L’article 7 institue, quant à lui, auprès des médias audiovisuels, un comité relatif à l’honnêteté, à l’indépendance et au pluralisme de l’information, qui pourra s’autosaisir ou être consulté pour avis non seulement par la direction de la société et par le médiateur lorsqu’il existe, mais aussi par tout un chacun. Enfin, il était essentiel, dans notre société mondialisée, de protéger l’indépendance de nos médias par rapport aux capitaux étrangers.
Je souhaite saluer le travail de la commission des affaires culturelles et de mes collègues ainsi que la persévérance de Mme la ministre et de M. le rapporteur, que je tiens à remercier. Compte tenu de toutes ces avancées, le groupe RRDP salue un progrès réel en faveur de l’indépendance des médias, de leur liberté et de leur pluralisme, progrès qu’il soutiendra avec enthousiasme, car, comme le soulignait Alexis de Tocqueville, « la presse est, par excellence, l’instrument démocratique de la liberté ».
Le 07/10/2016 à 12:25, laïc a dit :
« la presse est, par excellence, l’instrument démocratique de la liberté ».

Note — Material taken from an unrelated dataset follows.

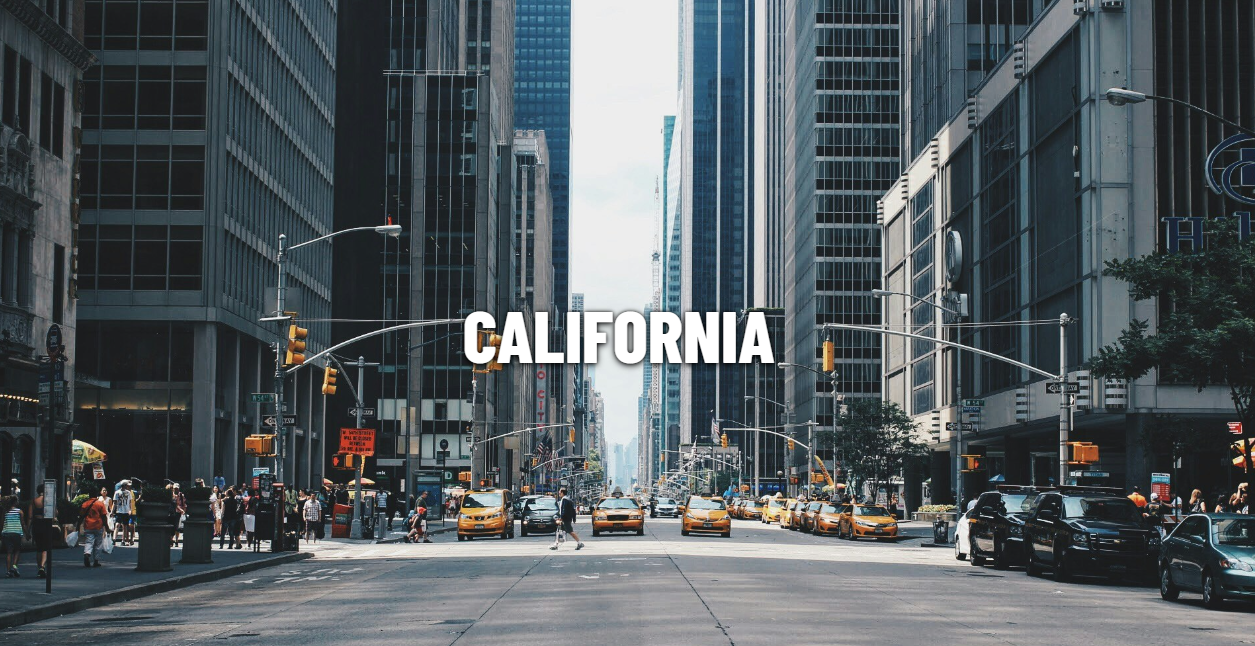 California California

C'est une erreur de vouloir réduire la démocratie à la seule presse. Car la démocratie, c'est avant toute chose la voix des citoyens, la pratique du référendum, et souvent les médias cherchent à influencer le vote des électeurs, ils cherchent à faire dire aux électeurs ce qu'ils pensent eux-mêmes, et ils se servent sans vergogne de leurs moyens de diffusion pour cela, pour manipuler la pensée collective. Méfions-nous des médias, de la presse, ils peuvent être fortement anti-démocratiques sous couvert de démocratie.